Photo de Philippe DominatiPhilippe Dominati, rapporteur spécial (programmes « Police nationale » et « Gendarmerie nationale » de la mission « Sécurités ») :

Je constate que c'est une triste journée dans la mesure où l'ensemble des rapporteurs spéciaux dressent en réalité le même constat. On s'aperçoit que tous les interlocuteurs ont relayé les inquiétudes du terrain. Ce constat est très largement partagé. Le problème de sous-investissement et de manque de dépenses de fonctionnement a des conséquences opérationnelles directes. En termes d'armement et de formation, il y a de réelles raisons d'être inquiets.

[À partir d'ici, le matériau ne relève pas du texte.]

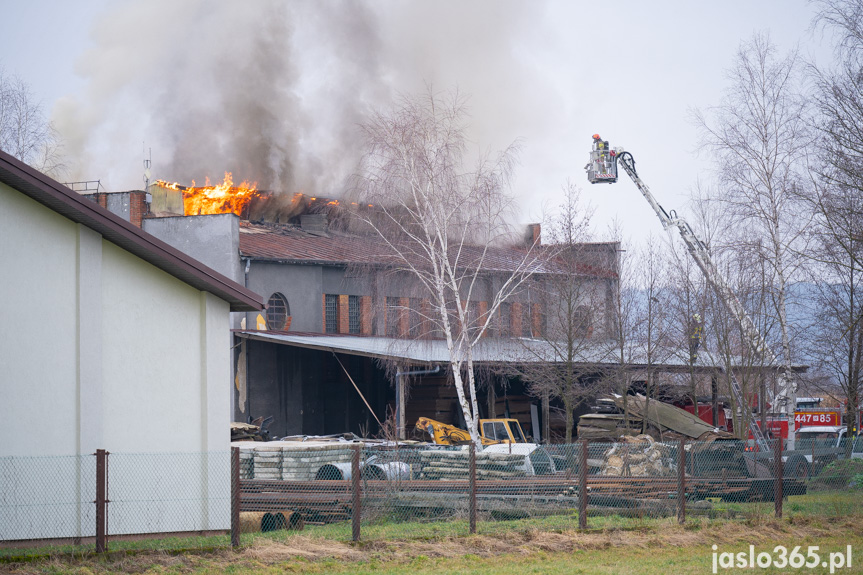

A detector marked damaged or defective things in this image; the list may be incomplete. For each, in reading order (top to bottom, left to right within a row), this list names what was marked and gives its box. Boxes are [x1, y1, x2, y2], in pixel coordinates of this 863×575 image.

damaged roof [0, 148, 264, 310]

Pendant de nombreuses années, les gendarmes bénéficiaient d'une dotation d'agrément, appelée dotation de fonctionnement des unités élémentaires, qui devait servir à acheter des équipements pour la vie de la caserne. Aujourd'hui, cette dernière est détournée de son usage, pour acheter des biens professionnels, comme des ordinateurs, faute de crédits suffisants. Sur l'externalisation du parc de véhicules ; il n'existe pas d'autres moyens aujourd'hui, mais cette solution peut être également utilisée pour éviter d'avoir à investir et masquer une certaine misère. Néanmoins, l'externalisation me paraît utile, surtout dans un contexte de vieillissement du parc et de dépenses contraintes. D'autres moyens de rajeunir le parc d'automobiles existent, comme l'attribution aux unités de véhicules saisis. Je regrette néanmoins que cela se développe lentement, en raison notamment du manque d'engagement des magistrats. En plus, cela a un coût, car les véhicules saisis ne rentrent pas toujours dans les standards du parc des deux forces. En réalité, ces voitures saisies ne sont utilisées que par des unités spécialisées, comme les BAC ou la police judiciaire, ou servent de véhicules de liaison. Ils demeurent toutefois assez difficiles à intégrer à la gestion courante des services de sécurité.

S'agissant des heures supplémentaires au sein de la police nationale ; elles ont toujours existé, mais elles ont connu un pic particulièrement important ces dernières années lié, notamment, à la mobilisation des forces dans le contexte terroriste et au maintien de l'ordre public. C'est la première fois qu'il y a un début de réponse de la part du ministère. La mission « Sécurités » comprend en effet des crédits visant à limiter le flux pour l'année prochaine, tandis que des mesures réglementaires vont être prises pour limiter le recours aux heures supplémentaires par les chefs de service. Il y a donc un début de perspective sur ce sujet. Ce problème est colossal, car les heures supplémentaires non remboursées sont compensées par des départs à la retraite anticipés, parfois de plusieurs mois, qui entrainent de véritables trous opérationnels.

J'attends de ce ministère des réformes de structure et notamment en Ile-de-France. Le développement des polices municipales fournit un point de comparaison parfois inquiétant, face à une police nationale qui n'a plus de moyens. À titre d'exemple, mes interlocuteurs m'ont indiqué que le fonctionnaire qui a abattu le terroriste lors de l'attentat à la préfecture de police de Paris sortait de formation, sinon il aurait eu du mal à le neutraliser, car les formations au tir sont très largement déficitaires, faute de crédits suffisants.